> _Work required_
Only the text of the records below belongs in the answer, copied exactly, with pictures omitted.

Caption-style text data:
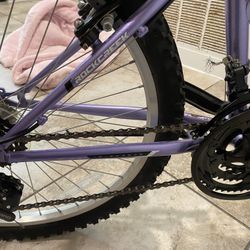 Bike Purple 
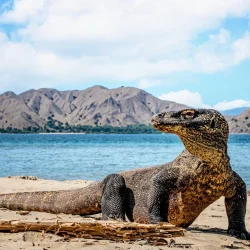 Komodo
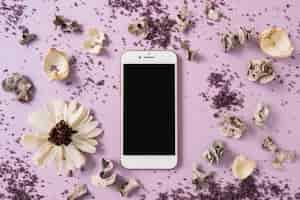 Foto gratuita fiore bianco; scrub e baccello secco intorno allo smartphone su sfondo rosa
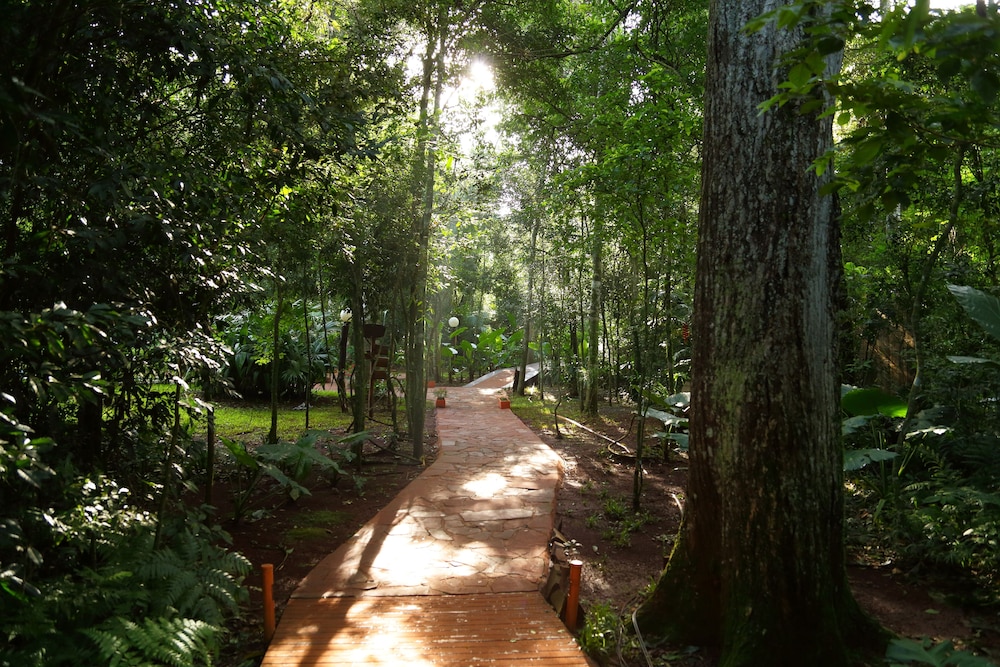 Tierra Guarani Lodge de Selva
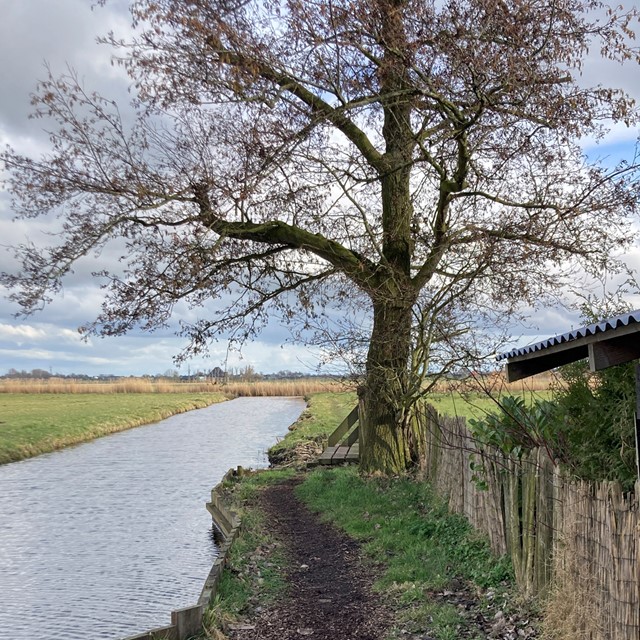 afbeelding van een paadje langs het water.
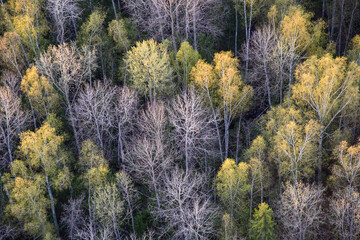 autumn in the mountains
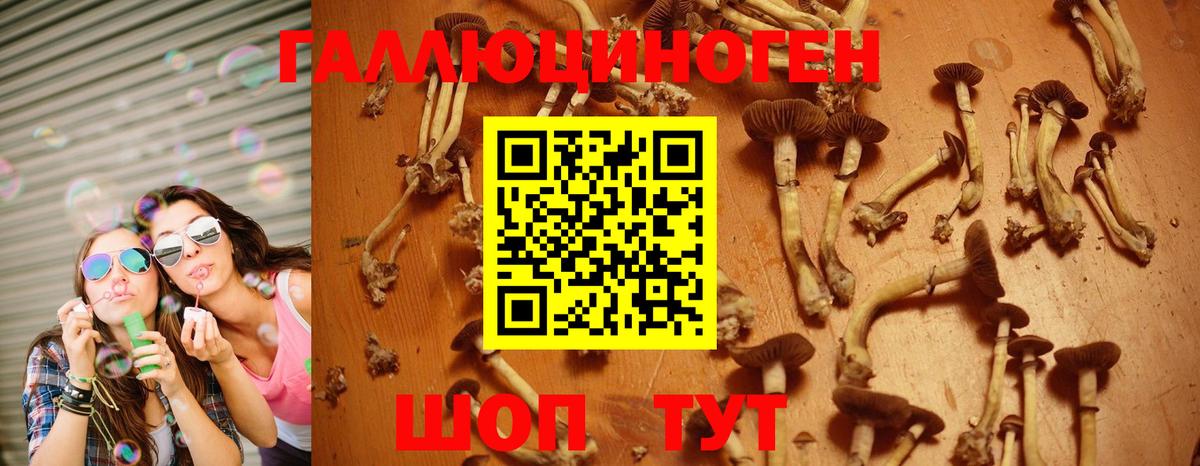 Галлюциногенные грибы Cubensis  Галлюциногенные грибы MAGIC MUSHROOMS  Муравленко  Вход с VPN 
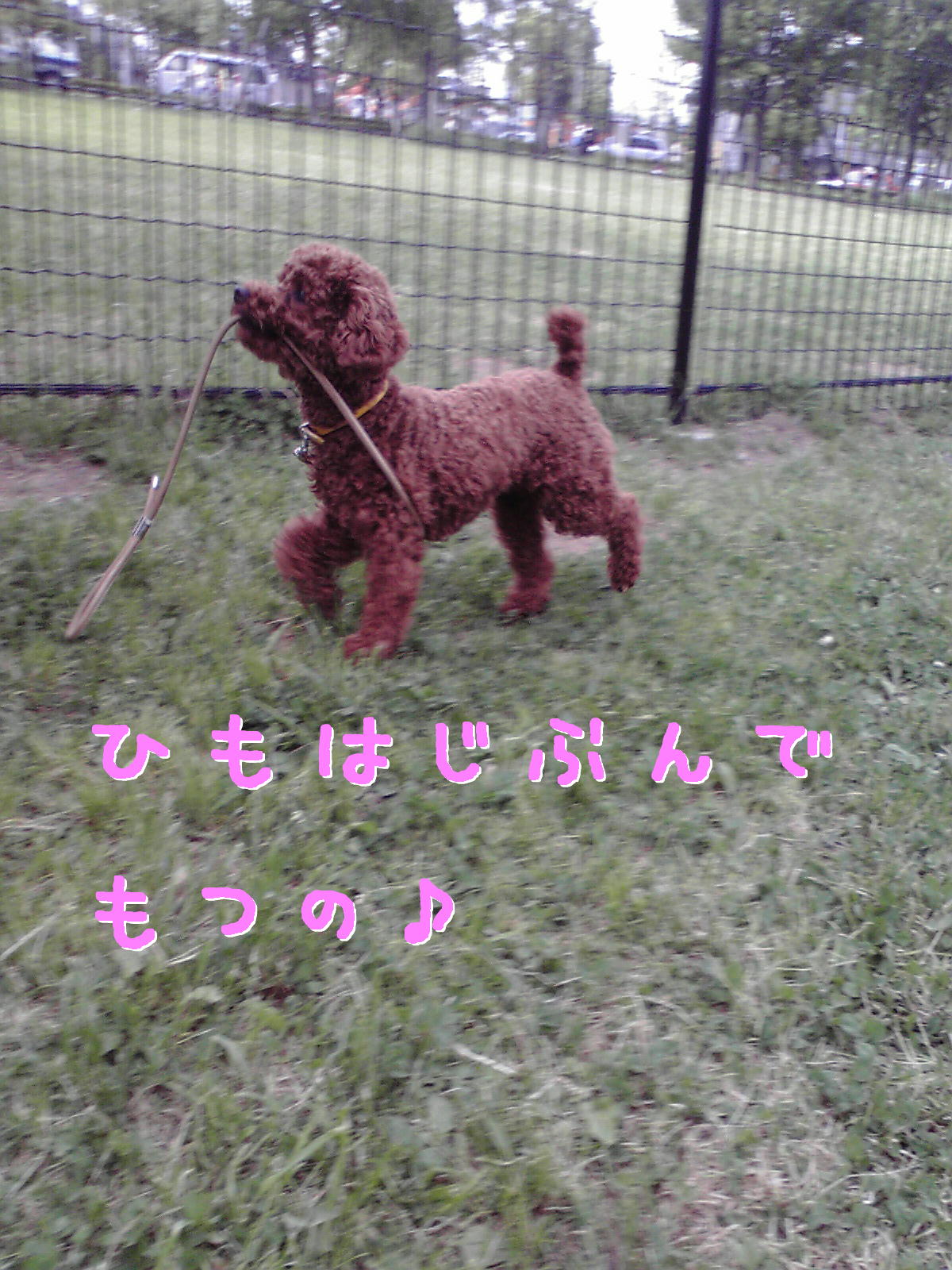 c0060920_11323032.jpg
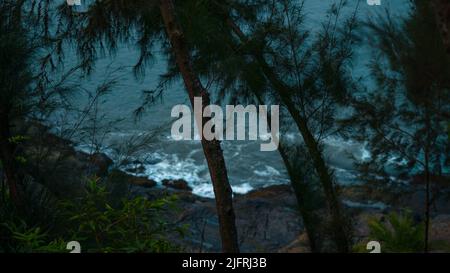 OM vista della spiaggia al mattino presto vista attraverso gli alberi Foto Stock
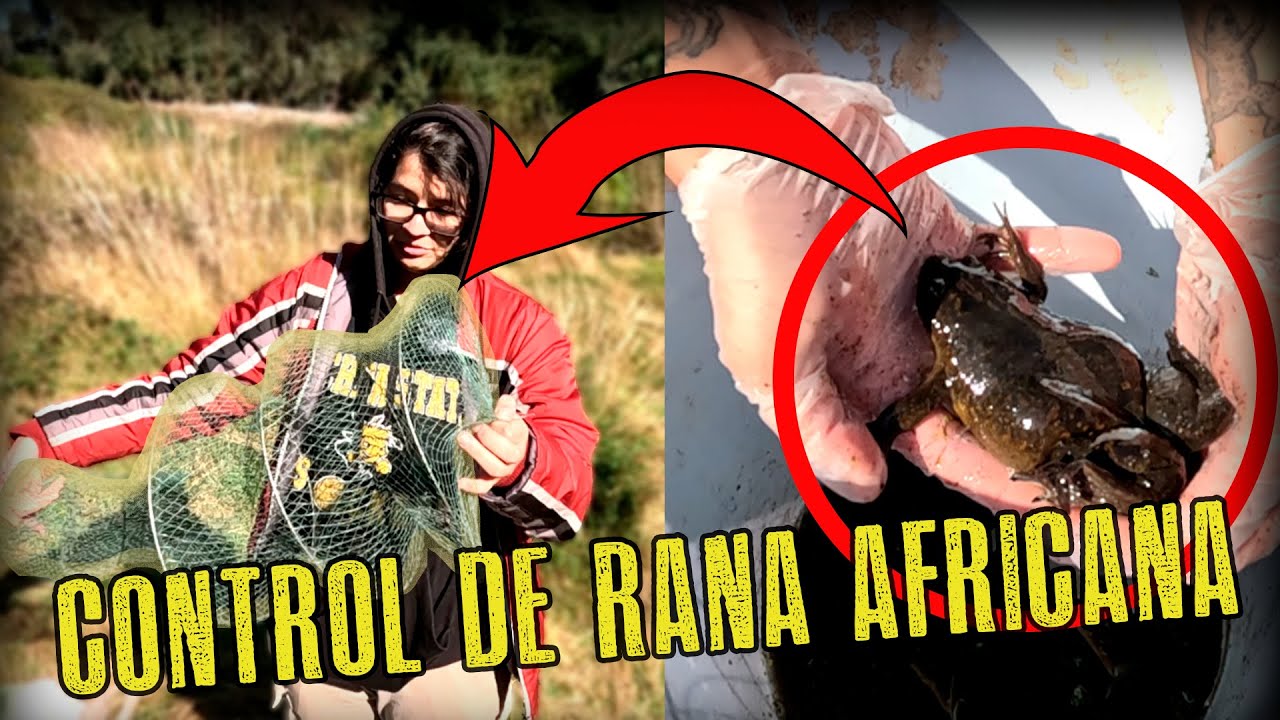 Rana Africana (Xenopus laevis) y Cómo controlar su población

> _Written solution_
 Bike Purple 
 Komodo
 Foto gratuita fiore bianco; scrub e baccello secco intorno allo smartphone su sfondo rosa
 Tierra Guarani Lodge de Selva
 afbeelding van een paadje langs het water.
 autumn in the mountains
 Галлюциногенные грибы Cubensis  Галлюциногенные грибы MAGIC MUSHROOMS  Муравленко  Вход с VPN 
 c0060920_11323032.jpg
 OM vista della spiaggia al mattino presto vista attraverso gli alberi Foto Stock
 Rana Africana (Xenopus laevis) y Cómo controlar su población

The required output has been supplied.